It is equally harmful in quick decision making when and where it is possible to delay. In the example described, I took a quick decision that I would never pass through this street. That led to a disturbance in my routine and discouraging effect on a good habit. Instead, I should have stopped making quick decisions or take that event so easy to prevent further adverse effects.

  • Start with understanding by removing technological words.

Not all problems are as comfortable as I described but in the event of significant problems, understand the problem without emotions and complicated words. Using generic words instead of scientific terms varies from person to person and group by group. It is essential to understand the situation in straightforward words. I like to use a phrase “ explain to me like I am the 5th grader.”

  • Don't be fearful to ask a question.

  • ( sometimes) Question to self

Many things we do not understand, We do not ask a question because we may sound stupid. That is a fear which adds complexity.

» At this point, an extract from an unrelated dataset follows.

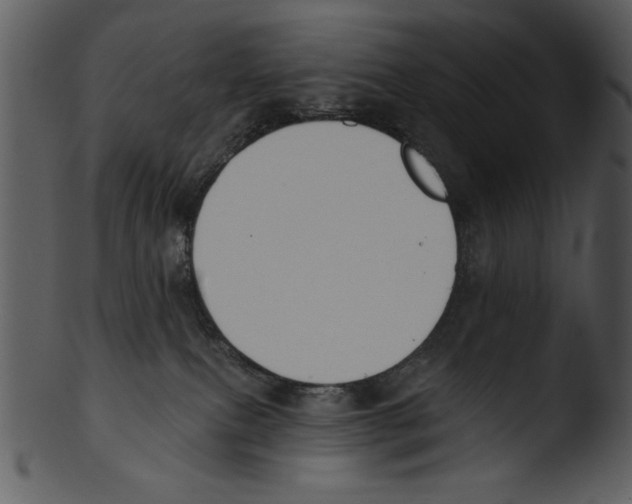 X0000103230087200809251314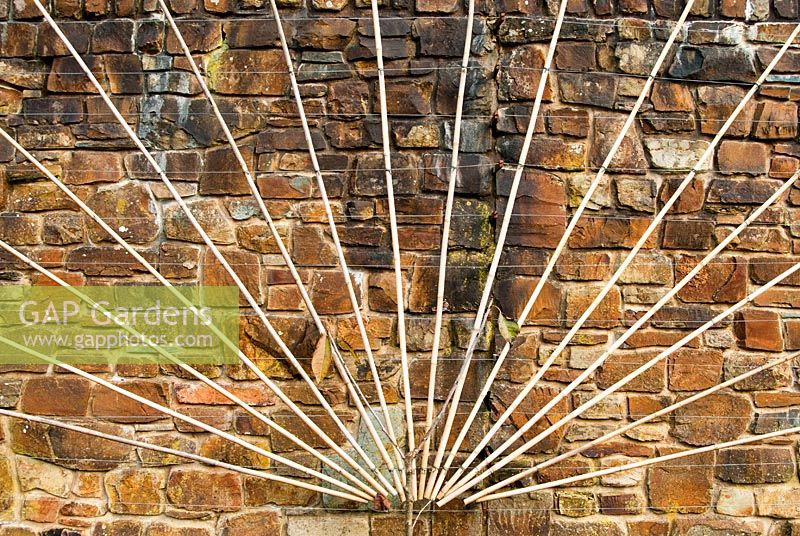Bamboo canes set to train a fruit tree into a fan shape. RHS Garden Rosemoor, Great Torrington, Devon, UK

  • Put down problems in words.

I learned to write my problems on a piece of paper. That gives a sense of priority and gives some insight on solutions. Writing the problem on a piece of paper is like having a clear picture of entanglement.

  • Prioritize.

Prioritize problems. Start focusing on solving the most dangerous and personal problems. Stay away from unnecessary situations or person.

  • Seek help.

It is critical to seek help when the situation is out of control. Getting help may not solve a problem quickly. It may guide to a simple solution.

  • Learn to know when you are over thinking.

I have many situations where over thinking has led me to get different and inferior results than what I wanted to achieve. I learned the hard way to keep on a check of my habit, yet I occasionally I cannot avert it and over-analyze situation.

  • Finally, Principle of Parsimony

The simplest option is usually correct and the best possible choice. If we don't have enough knowledge or information, avoid making unfounded assumptions.